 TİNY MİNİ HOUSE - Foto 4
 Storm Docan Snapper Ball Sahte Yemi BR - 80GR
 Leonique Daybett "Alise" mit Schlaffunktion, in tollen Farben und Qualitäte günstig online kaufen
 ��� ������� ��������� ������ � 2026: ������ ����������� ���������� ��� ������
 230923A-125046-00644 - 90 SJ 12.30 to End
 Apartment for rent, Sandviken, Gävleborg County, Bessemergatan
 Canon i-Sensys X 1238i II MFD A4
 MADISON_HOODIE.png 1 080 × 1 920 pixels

==

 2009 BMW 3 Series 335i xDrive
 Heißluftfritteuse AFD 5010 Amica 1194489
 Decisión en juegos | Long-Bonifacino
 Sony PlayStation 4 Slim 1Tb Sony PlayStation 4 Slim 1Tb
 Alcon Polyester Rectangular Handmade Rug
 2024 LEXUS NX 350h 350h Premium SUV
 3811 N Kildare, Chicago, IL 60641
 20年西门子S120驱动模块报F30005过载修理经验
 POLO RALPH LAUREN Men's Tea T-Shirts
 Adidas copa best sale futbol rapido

---

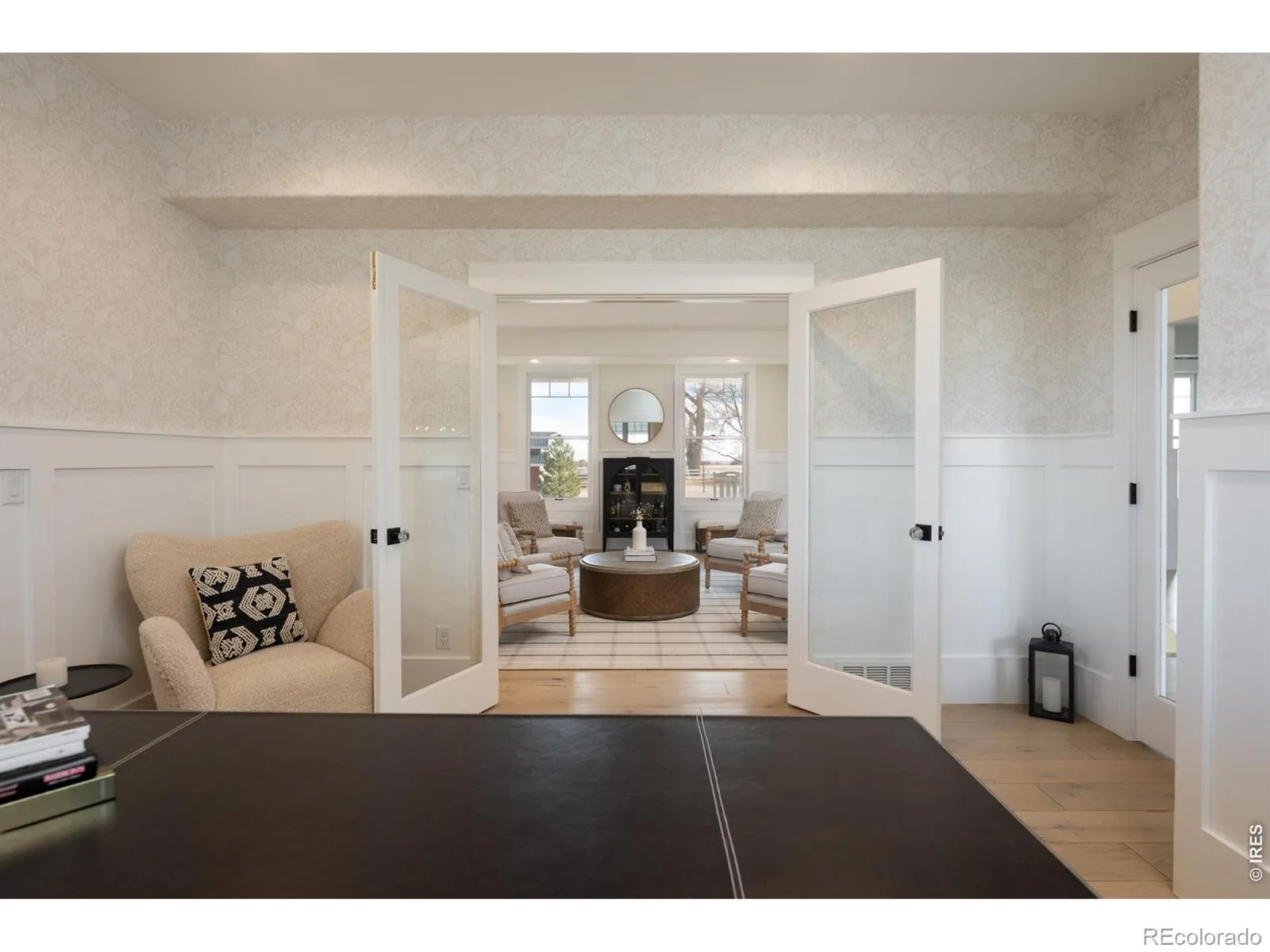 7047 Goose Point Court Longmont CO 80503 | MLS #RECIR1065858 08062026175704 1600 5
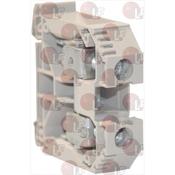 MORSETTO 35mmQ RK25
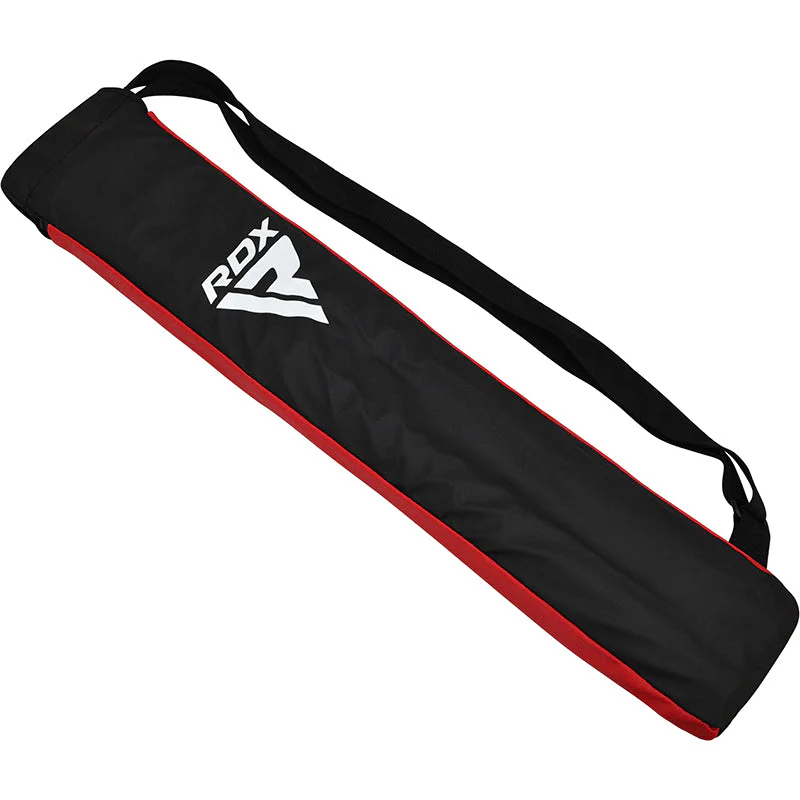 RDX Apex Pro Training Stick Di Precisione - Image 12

Aim of the exercise:
One stretch of the lines above is wanted, from the line that contains "Storm Docan Snapper" through the line that contains "MADISON_HOODIE.png 1 080 × 1 920 pixels". Output it exactly.

Expected answer:
 Storm Docan Snapper Ball Sahte Yemi BR - 80GR
 Leonique Daybett "Alise" mit Schlaffunktion, in tollen Farben und Qualitäte günstig online kaufen
 ��� ������� ��������� ������ � 2026: ������ ����������� ���������� ��� ������
 230923A-125046-00644 - 90 SJ 12.30 to End
 Apartment for rent, Sandviken, Gävleborg County, Bessemergatan
 Canon i-Sensys X 1238i II MFD A4
 MADISON_HOODIE.png 1 080 × 1 920 pixels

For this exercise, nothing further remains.